For more details, please see the full report which is on the CQC website at www.cqc.org.uk
Rating at last inspection and update
The last rating for this service was Good (published on 11 April 2019)
Why we inspected
We received concerns in relation to the management of risk, staffing levels, staff training, the management and leadership within the service and people’s personal care needs. A decision was made for us to inspect and examine those risks.
We looked at infection prevention and control measures under the Safe key question. We look at this in all care home inspections even if no concerns or risks have been identified. This is to provide assurance that the service can respond to COVID-19 and other infection outbreaks effectively.
The overall rating for the service has changed from good to requires improvement. This is based on the findings at this inspection. We have found evidence that the provider needs to make improvement. Please see the safe, effective, caring, responsive and well-led sections of this full report.
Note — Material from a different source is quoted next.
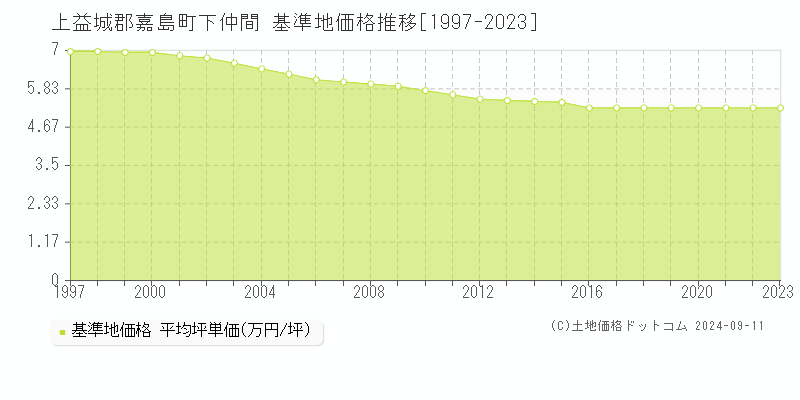 下仲間(上益城郡嘉島町)の基準地価推移グラフ(坪単価)[1997-2023年]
You can see what action we have asked the provider to take at the end of this full report.
You can read the report from our last comprehensive inspection, by selecting the ‘all reports’ link for Matthew Residential Care Ltd – 59 Woodgrange Avenue on our website at www.cqc.org.uk.
Enforcement
We are mindful of the impact of the COVID-19 pandemic on our regulatory function. This meant we took account of the exceptional circumstances arising as a result of the COVID-19 pandemic when considering what enforcement action was necessary and proportionate to keep people safe as a result of this inspection. We will continue to discharge our regulatory enforcement functions required to keep people safe and to hold providers to account where it is necessary for us to do so.
We have identified breaches in regulation in relation to safe care and treatment, safeguarding people from abuse, staffing, consent, dignity and respect, person centred care and governance. Please see the action we have told the provider to take at the end of this report.
At the time of the inspection the service had enlisted input from a consultancy company, and we saw that an improvement plan had been developed, which broadly mapped ways to address identified risks. On the second day of the inspection, there was evidence improvement work had commenced.
Full information about CQC’s regulatory response to the more serious concerns found during inspections is added to reports after any representations and appeals have been concluded.
Follow-up
We will request an action plan for the provider to understand what they will do to improve the standards of quality and safety. We will work alongside the provider and local authority to monitor progress. We will return to visit as per our re-inspection programme. If we receive any concerning information we may inspect sooner.